La predetta Sezione ha quindi rimesso la questione alle Sezioni Unite, le quali si sono domandate “se il delitto previsto dall’art. 615 ter, secondo comma, n. 1, cod. pen., sia integrato anche nella ipotesi in cui il pubblico ufficiale o l’incaricato di pubblico servizio, formalmente autorizzato all’accesso ad un sistema informatico o telematico, ponga in essere una condotta che concreti uno sviamento di potere, in quanto mirante al raggiungimento di un fine non istituzionale, pur in assenza di violazione di specifiche disposizioni regolamentari ed organizzative”.

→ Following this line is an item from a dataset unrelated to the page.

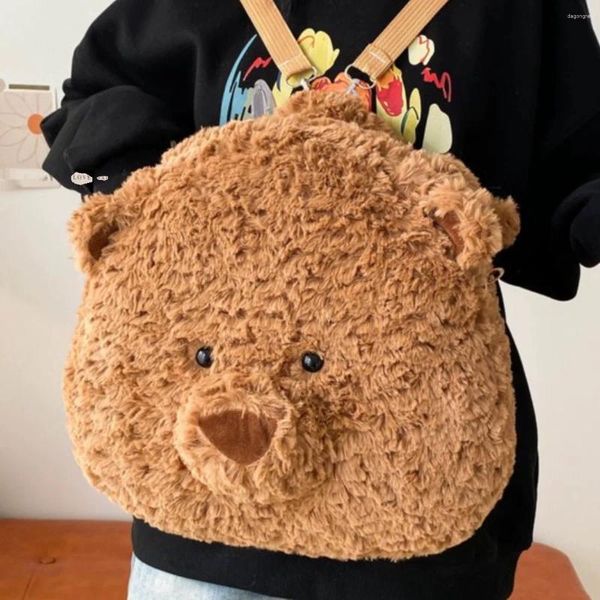 Sacs d'école Femmes japonaises Ins Migne Bear Fur Handbag 2024 CARTOON CARIONNEMENT DURNION GILLE PLUSH SALLE SALLE SALLE SALLE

Secondo la Corte, non esce dall’area di applicazione della norma la situazione nella quale l’accesso o il mantenimento nel sistema informatico dell’ufficio a cui è addetto il pubblico ufficiale o l’incaricato di pubblico servizio, seppur avvenuto a seguito di utilizzo di credenziali proprie dell’agente ed in assenza di ulteriori espressi divieti in ordine all’accesso ai dati, sia connotato dall’abuso delle proprie funzioni da parte dello stesso. In tal caso si avverrebbe uno sviamento di potere, ossia un uso del potere in violazione dei doveri di fedeltà che ne devono indirizzare l’azione nell’assolvimento degli specifici compiti di natura pubblicistica a lui demandati.
Conclusione
Per tali motivi, le Sezioni Unite della Corte di Cassazione hanno rigettato il ricorso, affermando che il reato di accesso abusivo in sistema informatico o telematico di cui all’art. 615 ter, comma 2, n. 1, cod. pen., risulta integrato nell’ipotesi in cui il pubblico ufficiale o l’incaricato di pubblico servizio, formalmente autorizzato all’accesso ad un sistema informatico o telematico, ponga in essere una condotta che concretizzi uno sviamento di potere, in quanto mirante al raggiungimento di un fine non istituzionale.